The Palestinian genocide is legal now (according to the US, not the ICC). Speaking out about it at univerities is met with extreme police action.
Slavery used to be widespread in the West, and freeing/harboring escaped slaves would land you in prison or a grave.
> The justice system generally doesn't tolerate revenge
That's an idealistic take. The reality is that the justice system is frequently used to make examples out of political dissidents.
This has been true for millennia. My patron saint, Joan of Arc, was burned to the stake for essentially wearing pants. Are you going to sit here and try to tell me that burning a 17 year old at the stake for not being "womanlike" is ethical?
Intentionally/ostensibly mistaking the legal system for a system of ethics is such a colossal red flag that someone is willing to allow the exploitation of innocent people in order to improve or protect the quality of their own life.
You would think on a forum called Hacker News that people here would be more sensitive to how Corpgov warps society's perception of political dissidents, given the history of our own kind.
You should post this higher up . It's the most succinct way I've seen anyone put it across the many threads on here with hundreds of comments, most of which I read.
Most political dissidents don't kill anyone. There's no indication that this guy tried to do anything within the system to effect positive change. How would you feel if a tech company CEO was murdered because someone's life was wrecked by automation? Nearly any business or government official could be targetted on the basis of such ridiculous self-righteous vigilantism. It's the kind of rationale that leads to political purges, lynchings, and even mass murder. We have legal systems in place to protect everyone from the tyranny of mob rule and other forms of uncivilized behavior.

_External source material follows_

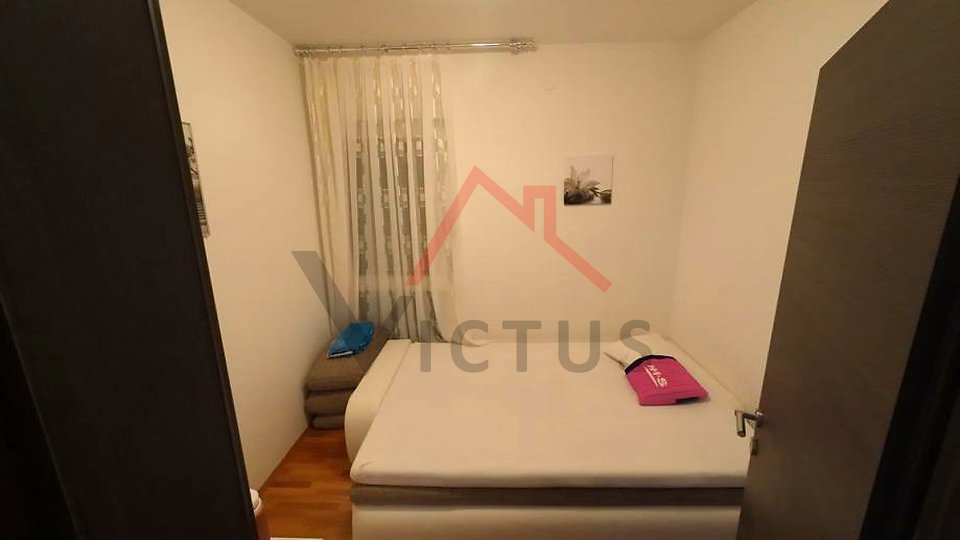 CRIKVENICA - 2 Schlafzimmer, Wohnung mit Balkon, 54 m2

It depends on what the "meaningful change" actually is. Lots of possible changes are meaningful but not worth killing people over. Not all proposed changes are actually possible. Mobs of people are usually really stupid and bloodthirsty. Look at the 1970 Cambodian coup for example. You don't want to open that Pandora's box unless there is a real urgent emergency or violation of natural rights. If people were as excited about losing weight as they are about some CEO getting shot, we could all have much cheaper insurance and maybe the government could even afford to give us free health care. You should look into what the government pays for and how much they pay for it. It's really eye-opening. The government isn't a magic money machine. If they pay for something, the value is extracted from somewhere in society either in monetary form or through inflation.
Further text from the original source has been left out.